FYI here is the code in LL for the deduction rules for FOL in LPC.
(s-rule hyp ()
______________
P >> P;)
(s-rule vr1 ()
P;
______________
[P v Q];)
(s-rule vr2 ()
Q;
______________
[P v Q];)
(s-rule vl ()
Q >> P;
R >> P;
______________
[Q v R] >> P;)
(s-rule &r ()
P; Q;
_____
[P & Q];)
(s-rule &l ()
P, Q >> R;
__________
[P & Q] >> R;)
(s-rule =>r ()
P >> Q;
_______
[P => Q];)
(s-rule =>l ()
[P => Q] >> P;
______________
[P => Q] >> Q;)
(s-rule <=>r ()
[[P => Q] & [Q => P]];
______________________
[P <=> Q];)
(s-rule <=>l ()
[[P => Q] & [Q => P]] >> R;
______________________
[P <=> Q] >> R;)
(s-rule ~r ()
[P => falsum];
______________
[~ P];)
(s-rule ~l ()
[P => falsum] >> Q;
______________
[~ P] >> Q;)
(s-rule lemma (Q : prop)
Q;
Q >> P;
_______
P;)
(s-rule lem (P : prop)
[P v [~ P]] >> Q;
_________________
Q;)
(s-rule exp ()
falsum;
_______
P;)
(s-rule thin (N : number)
let Hypotheses (remove-nth N Hypotheses)
P;
_________________________________________
P;)
(s-rule swap (M : number N : number)
let Hypotheses (exchange M N Hypotheses)
P;
_________________________________________
P;)
(s-rule =r ()
_______
[X = X];)
(s-rule =l ()
let PX/Y (replace X Y P)
[X = Y] >> PX/Y;
________________________
[X = Y] >> P;)
(s-rule alll (T : term)
let PX/T (replace X T P)
PX/T, [all X P] >> Q;
________________________
[all X P] >> Q;)
(s-rule allr (T : term)
if (= (occurrences T Hypotheses) 0)
let PX/T (replace X T P)
PX/T;
________________________
[all X P];)
(s-rule existsl (T : term)
if (= (occurrences T Hypotheses) 0)
let PX/T (replace X T P)
PX/T, [exists X P] >> Q;
________________________
[exists X P] >> Q;)
(s-rule existsr (T : term)
let PX/T (replace X T P)
PX/T;
________________________
[exists X P];)
(s-rule =r ()
________
[X = X];)
(s-rule =l ()
let PX/Y (replace X Y P)
[X = Y] >> PX/Y;
________________
[X = Y] >> P;)
The code is about 150 lines in total excluding the code for the side-conditions and the definition of FOL syntax. Here it is being loaded into SP 30. Note that the LL generates a whole bunch of 'logic' functions which are help functions generated to execute the the user spec.

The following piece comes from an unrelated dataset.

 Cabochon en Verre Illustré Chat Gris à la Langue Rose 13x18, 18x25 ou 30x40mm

(14+) (load "D:\Google Drive\Shen Professional\Shen\Logic\folrules.shen")
tactics#type : symbol
(fn logic.f7686) : ((list prop) --> ((list prop) --> ((list prop) --> ((list ((list prop) * prop)) --> (list ((list prop) * prop))))))
(fn logic.f7685) : ((list prop) --> ((list prop) --> ((list prop) --> ((list ((list prop) * prop)) --> (list ((list prop) * prop))))))

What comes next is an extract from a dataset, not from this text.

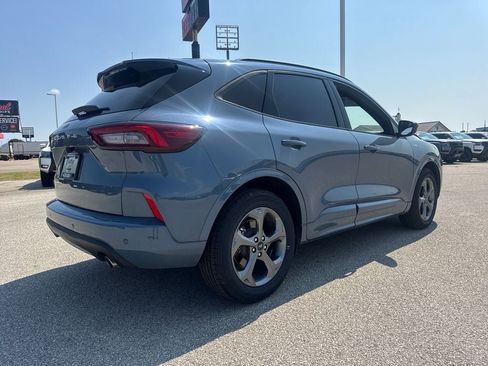 Used 2024 Ford Escape ST-Line w/ Tech Pack #1 FWD image 7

(fn hyp) : ((list ((list prop) * prop)) --> (list ((list prop) * prop)))
(fn logic.f7689) : ((list prop) --> ((list prop) --> ((list prop) --> ((list ((list prop) * prop)) --> (list ((list prop) * prop))))))
(fn vr1) : ((list ((list prop) * prop)) --> (list ((list prop) * prop)))
(fn logic.f7690) : ((list prop) --> ((list prop) --> ((list prop) --> ((list ((list prop) * prop)) --> (list ((list prop) * prop))))))
(fn vr2) : ((list ((list prop) * prop)) --> (list ((list prop) * prop)))
(fn logic.f7692) : ((list prop) --> ((list prop) --> ((list prop) --> ((list ((list prop) * prop)) --> (list ((list prop) * prop))))))
(fn logic.f7691) : ((list prop) --> ((list prop) --> ((list prop) --> ((list ((list prop) * prop)) --> (list ((list prop) * prop))))))
(fn vl) : ((list ((list prop) * prop)) --> (list ((list prop) * prop)))
(fn logic.f7695) : ((list prop) --> ((list prop) --> ((list prop) --> ((list ((list prop) * prop)) --> (list ((list prop) * prop))))))
(fn &r) : ((list ((list prop) * prop)) --> (list ((list prop) * prop)))
(fn logic.f7697) : ((list prop) --> ((list prop) --> ((list prop) --> ((list ((list prop) * prop)) --> (list ((list prop) * prop))))))
(fn logic.f7696) : ((list prop) --> ((list prop) --> ((list prop) --> ((list ((list prop) * prop)) --> (list ((list prop) * prop))))))
(fn &l) : ((list ((list prop) * prop)) --> (list ((list prop) * prop)))
(fn logic.f7700) : ((list prop) --> ((list prop) --> ((list prop) --> ((list ((list prop) * prop)) --> (list ((list prop) * prop))))))
(fn =>r) : ((list ((list prop) * prop)) --> (list ((list prop) * prop)))
(fn logic.f7702) : ((list prop) --> ((list prop) --> ((list prop) --> ((list ((list prop) * prop)) --> (list ((list prop) * prop))))))
(fn logic.f7701) : ((list prop) --> ((list prop) --> ((list prop) --> ((list ((list prop) * prop)) --> (list ((list prop) * prop))))))
(fn =>l) : ((list ((list prop) * prop)) --> (list ((list prop) * prop)))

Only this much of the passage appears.